### Task details
Word for word, please copy the listing below, with its pictures left out.

### Given information
*** Begin section ***
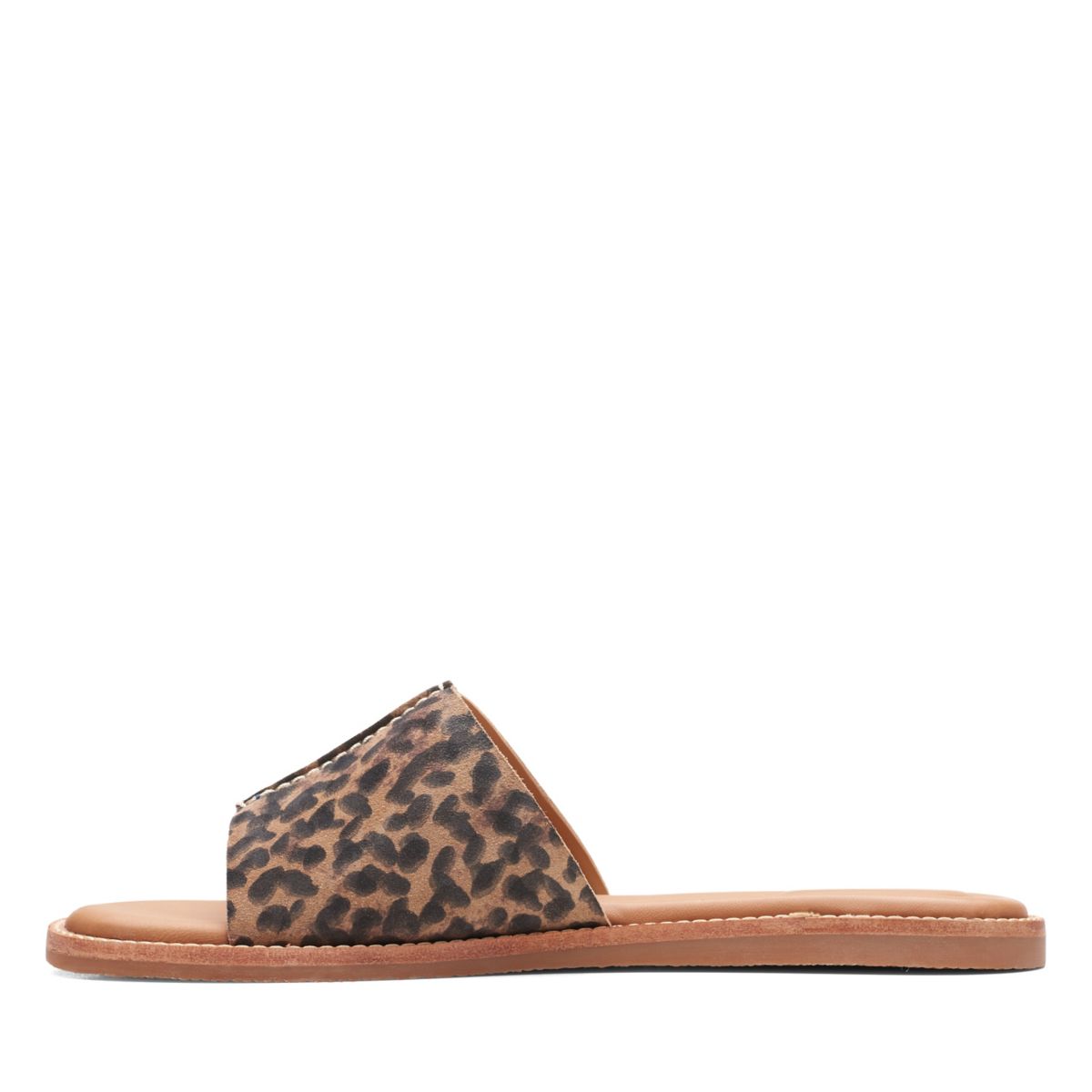 Mulas Clarks Karsea Mujer Leopardo | 25395034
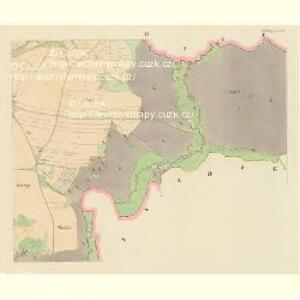 Unter-Kraupen (Dolnj Krupa) - c1316-1-004 - Kaiserpflichtexemplar der Landkarten des stabilen Katasters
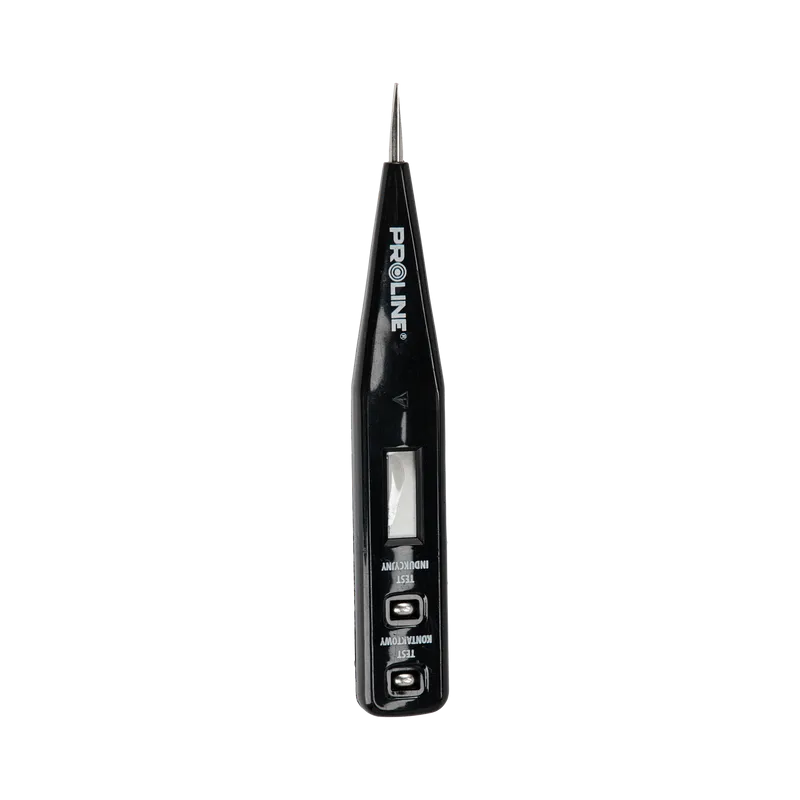 Indicator Tensiune cu Ecran LCD 12-220V / 125MM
*** End section ***
### Completed task
 Mulas Clarks Karsea Mujer Leopardo | 25395034
 Unter-Kraupen (Dolnj Krupa) - c1316-1-004 - Kaiserpflichtexemplar der Landkarten des stabilen Katasters
 Indicator Tensiune cu Ecran LCD 12-220V / 125MM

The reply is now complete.